Day 42 // After we forked southward and went through the Aegean wide spaces, we reach the Pamukkale’s celestial hill.
We move on a road which scars the huge plain, in a bus we took by hitchiking. Pamukkale suddenly arises in the bend of a hill, although nothing foresees its existence. It's still early when the driver gives us money to do the last fifteen kilometers to reach the cotton castle. As soon as we travel in the other side of Istanbul, we see the temperatures falls down and brushes against zero. This is the prolegomenon of what is going to happen in Cappadocia.
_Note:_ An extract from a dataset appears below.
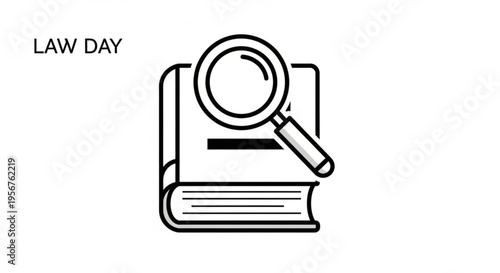 Law day icon with magnifying glass on legal book symbolizing investigation and jurisprudence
On the other hand, days are hot, and the sky only knows the sun for twenty eight days in a row ! Since we crossed the Bosphore's gate by hitchiking and went southward, pick-up, auto-bus and trucks don't hesitate to take us anymore, even if they don't have space.
Hierapolis's ruins. The city was born from the baths sources exploitation.
It's not difficult to spend the night in Pamukkale because it's surrounded by grassy spaces, where it's possible to set up the bivouac. Indeed, hills offer many places, despite a barren and rocky land. On the other hand, think about get food in the previous city Denizli, to have another choices than restaurants and petrol stations. Auto-bus are the most recurrent vehicles on the road. So, it's hard to hitchike or reach the both cities by feet like we did, after twenty kilometers and four hours.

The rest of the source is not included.